Il Sistema di Welfare Aziendale deriva dall’applicazione della Legge 28/12/2015, n° 208, articolo 1, commi 182-190, circolare Agenzia delle Entrate n° 28 del 15/06/2016, artt. 51 e 100 del TUIR e successive integrazioni e modificazioni.
A seconda della modalità di erogazione prevede 4 diversi tipi di servizi:

  1. Spese a rimborso (con rimborso in busta paga)
  2. Spese sanitarie (con strutture convenzionate direttamente dall’azienda)
  3. Fondi pensione (con versamento diretto da parte dell’azienda)
  4. Voucher (spendibili nei servizi convenzionati)
Spese a rimborso

Si tratta quindi di importi GIA’ spesi dal dipendente che possono essere direttamente rimborsati

Sono le spese collegate ai servizi per i bambini/ragazzi o per gli over 75 (o non autosufficienti) anche se non a carico.
In particolare:
A - per rette scolastiche, libri di testo, servizi di trasporto scolastico e mensa, gite didattiche, baby-sitter, rette asili nido, scuole materne, corsi di lingua, informatica, musica, teatro, danza per minori, rette per Scuole private di ogni ordine e grado, rette per Università e scuole di specializzazione, rette per partecipazione a Master, spese sostenute per centri estivi o invernali, campus, anche organizzati da Parrocchie, Enti religiosi, Associazioni no profit rimborsi per acquisto libri scolastici e strumenti informatici ad uso didattico, rimborsi per i costi delle mense scolastiche.
B - Servizi forniti a familiari anziani che abbiano compiuto i 75 anni di età o che non siano autosufficienti secondo idonea certificazione medica (rette case di riposo, badanti).
Il sistema prevede il rimborso delle prestazioni per le voci e per i familiari di cui sopra per un importo pari a quello del premio definito dall’azienda.

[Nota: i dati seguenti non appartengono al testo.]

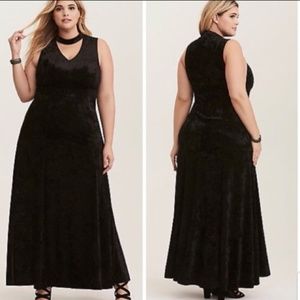 Brand new with tags for length black velvet dress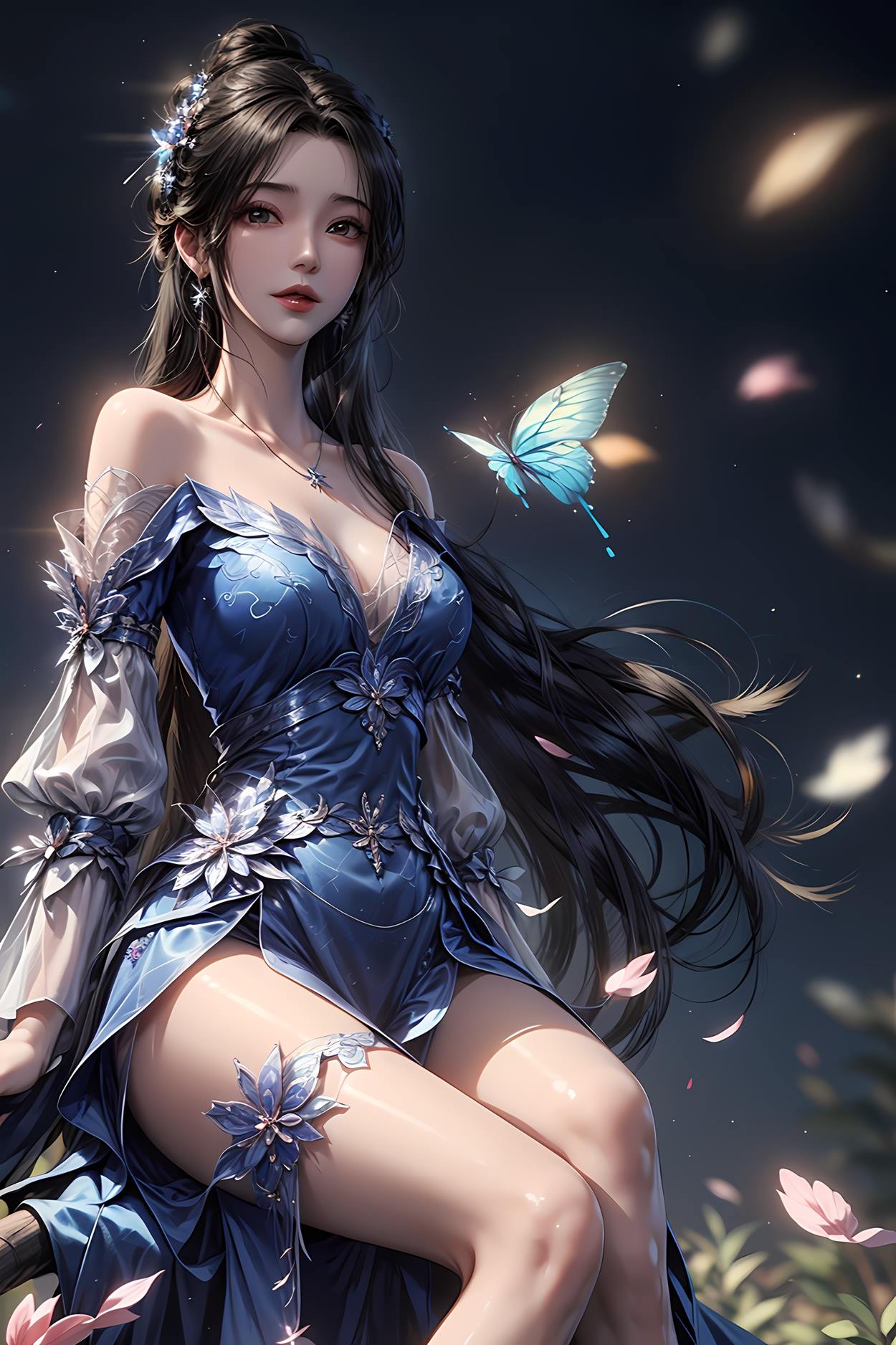 图片[55]-AI绘画 584 李慕婉（莲花仙子）[75P] – 速更版-美库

Spese sanitarie in convenzione

Sono spese sanitarie prestate da strutture sanitarie convenzionate dall’azienda. È compresa qualunque tipo di prestazione, ivi comprese le terapie.

Fondi Pensione

Sono enti o casse aventi esclusivamente fine assistenziale e fondi di previdenza complementare, ivi compresi quelli di categoria, in aggiunta ai contributi già versati dal datore di lavoro o dallo stesso dipendente,

Voucher

Si tratta di documenti (cartacei od elettronici) che danno diritto a abbonamenti a teatri, palestra, cinema, corsi di lingua, informatica, musica, teatro, danza, biglietti aerei, vacanze: tali documenti non possono essere utilizzati da persona diversa dal titolare e non possono essere monetizzati.

La nostra proposta è quelle di fornire ai tuoi collaboratori una rete di aziende convenzionate SUL territorio e di individuare esattamente quanto di loro interesse consentendo l’effettiva spendibilità di quanto messo a disposizione dall’azienda.